Segundo explica a advogada familiarista e secretária-geral do Conselho Federal da OAB, Sayury Otoni, apesar de ser uma discussão antiga, a mudança na legislação aconteceu de maneira recente. Isso porque até antes de 2019, o casamento poderia ser autorizado caso a menina estivesse grávida do companheiro.

"Em março de 2019, foi proibido em qualquer hipótese o casamento de pessoas antes dos 16 anos. Até então era permitido, mas não pela autorização dos pais, e sim por uma situação excepcional que possuía autorização judicial que era em caso de gravidez", disse.

Para o advogado Rodrigo Sette, trata-se de uma força-tarefa, que envolve não só o campo jurídico brasileiro, para dar fim a um problema social. "É uma luta constante da sociedade e do ordenamento jurídico brasileiro, para reprimir e abolir definitivamente o casamento infantil do país", definiu.

Sayury ressalta que esse entendimento da época se amparava na teoria de que o casamento poderia ser benéfico para a vida da jovem mãe e para o futuro da criança.

"Havia um entendimento antigo de que essa menina grávida estaria melhor amparada pelo casamento, para que os filhos não fossem considerados ilegítimos. Porém, desde muito tempo não existe essa classificação no país, já que a autorização do casamento só por causa da gravidez nunca é a solução, mas sim um agravamento do problema", afirmou.
Casamento na adolescência e os impactos sociais

Para além de uma união matrimonial simplesmente por questões afetivas, a decisão de dar início a um casamento ainda na adolescência passa por inúmeras questões que perpassam pelo estrutura familiar e até mesmo pelo futuro desses adolescentes.
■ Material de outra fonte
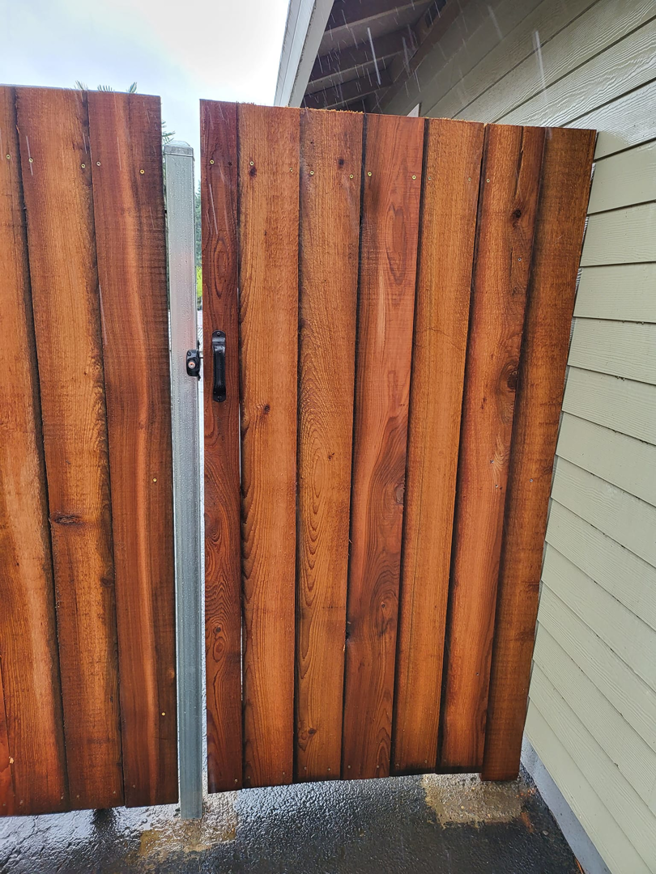 A newly installed wooden gate with a black handle, completed by Jones NW Fence Company in Vancouver, WA.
A ideia é que o adolescente esteja ocupado com sua formação e não com a preocupação em constituir uma família. Obviamente há a necessidade de uma campanha educativa até mesmo para a prevenção da gravidez na adolescência", detalhou a secretária-geral do Conselho Federal da OAB, Sayury Otoni.

Ela ainda acrescenta que, em alguns casos, é possível se deparar com questões ainda mais burocráticas que permeiam a decisão desses adolescentes, mesmo que autorizados pela família.

De acordo com Sayury, os cenários de carência e de pobreza extrema presentes em diferentes regiões do Brasil podem estar relacionados a essa questão.

Em virtude disso, famílias acabam por enxergar na união dos filhos adolescentes com pessoas mais velhas, como uma forma de, possivelmente, escapar dessa condição de vida.

"Uma adolescente, mesmo autorizada pelos pais, pode estar na relação por uma situação que seja de imposição dos pais, pode ser também por um ponto de vista material onde a família enxerga um tipo de salvação com esse casamento. Outra possibilidade está relacionada à gratidão a essa pessoa mais velha pelo bem que fez à família", exemplificou a advogada.